# Rhinehart 100



## dh1 (Dec 16, 2004)

ttt


----------



## Guest (Feb 1, 2009)

I really doubt it, when they were in Michigan they said "the Toronto shoot" was a big bust they thuoght the attendance was really low.


----------



## Carey041849 (Jul 25, 2009)

The Rhinehart 100 is being held in Saginaw Mich. on Aug 22 and 23 
Saginaw is about 2 hours north of Detroit


----------



## Bowzone_Mikey (Dec 11, 2003)

My club put in for it and was rejected because we live in Canada .... the response we got from Buddy at Reinhart is that they will never come back to Canada because of the BS at the border ... Both directions they had to unload every peice of equipment in their trucks ... Evidently Customs left a sour taste in their mouth ... Cant say that I blame them either


----------



## araz2114 (Jan 13, 2003)

They were warned to to have the paperwork ready for customs... they didn't have anything. They were detained for a couple of days for not following the protocol. If they had the paperwork in hand I am sure it would have been a breeze to get across.:mg::mg:

That is just my take from talking to the guys at YCB.


----------



## Guest (Jul 26, 2009)

Customs did the same thing to the PSE truck, they showed up no manifest not customs doctuments etc, they let them through but had to leave all selling products behind only samples, the next time they had all the paper work ready and zero problems. When I spoke to the Rienhart crew in Michigan they stated that doing all that work for 250 archers was pointless.


----------



## pintojk (Jan 31, 2003)

araz2114 said:


> They were warned to to have the paperwork ready for customs... they didn't have anything. They were detained for a couple of days for not following the protocol. If they had the paperwork in hand I am sure it would have been a breeze to get across.:mg::mg:
> 
> That is just my take from talking to the guys at YCB.

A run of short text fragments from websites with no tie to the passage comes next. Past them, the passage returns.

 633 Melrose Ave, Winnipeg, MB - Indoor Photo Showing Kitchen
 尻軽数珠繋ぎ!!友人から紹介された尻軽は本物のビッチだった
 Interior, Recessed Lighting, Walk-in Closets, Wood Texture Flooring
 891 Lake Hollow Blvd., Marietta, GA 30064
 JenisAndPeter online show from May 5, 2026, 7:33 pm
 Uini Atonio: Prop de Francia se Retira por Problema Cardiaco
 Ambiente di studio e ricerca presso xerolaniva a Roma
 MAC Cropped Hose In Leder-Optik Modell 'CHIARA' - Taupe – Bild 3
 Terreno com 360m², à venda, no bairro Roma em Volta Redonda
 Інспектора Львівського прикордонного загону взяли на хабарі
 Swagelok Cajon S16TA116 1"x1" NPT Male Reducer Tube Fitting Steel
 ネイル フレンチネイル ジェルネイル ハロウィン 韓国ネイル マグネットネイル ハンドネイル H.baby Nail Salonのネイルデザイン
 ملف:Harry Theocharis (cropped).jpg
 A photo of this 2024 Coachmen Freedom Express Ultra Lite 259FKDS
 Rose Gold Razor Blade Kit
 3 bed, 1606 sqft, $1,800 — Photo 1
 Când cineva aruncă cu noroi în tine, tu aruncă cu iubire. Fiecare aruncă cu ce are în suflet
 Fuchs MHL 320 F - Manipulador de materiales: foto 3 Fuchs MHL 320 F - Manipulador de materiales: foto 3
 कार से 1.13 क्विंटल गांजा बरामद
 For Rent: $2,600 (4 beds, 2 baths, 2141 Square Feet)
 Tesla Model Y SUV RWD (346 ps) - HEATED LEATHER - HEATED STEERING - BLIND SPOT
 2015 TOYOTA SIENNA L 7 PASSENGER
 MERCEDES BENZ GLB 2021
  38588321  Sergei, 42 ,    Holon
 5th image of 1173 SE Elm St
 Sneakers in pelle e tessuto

nope, they said they had all the documentation needed ..... Canada Customs had them completely empty out their trailer and trucks ..... account for every thing in detail, and then put it all back :thumbs_do

then when they went home ..... they got to do it all again at U.S. Customs :mg:

That's what I got directly from Rinehart at the Erie shoot this year ..... they said they'd love to come back but wayyyyyyyyy too much of a hassle


----------



## CLASSICHUNTER (May 20, 2005)

*what a load of crp*

What about all the race trucks that come through with sales stuff and advertising stuff for car racing etc etc etc and other promotional venues.. they all come through and come back numerous times...no problems... seems they where hassled on the us side as well that tells me something they did was wrong...this company sells stuff up here in canada they know what you need to export products so going to a event would be no different things are only a phone call away or e-mail and they knew well in advance they where coming here...


----------



## araz2114 (Jan 13, 2003)

JK, not the story I got from the Rhinehart guy at York and from Bernie that weekend also. I still think that they dropped the ball on their part. Just my opinion.


----------



## pintojk (Jan 31, 2003)

araz2114 said:


> JK, not the story I got from the Rhinehart guy at York and from Bernie that weekend also. I still think that they dropped the ball on their part. Just my opinion.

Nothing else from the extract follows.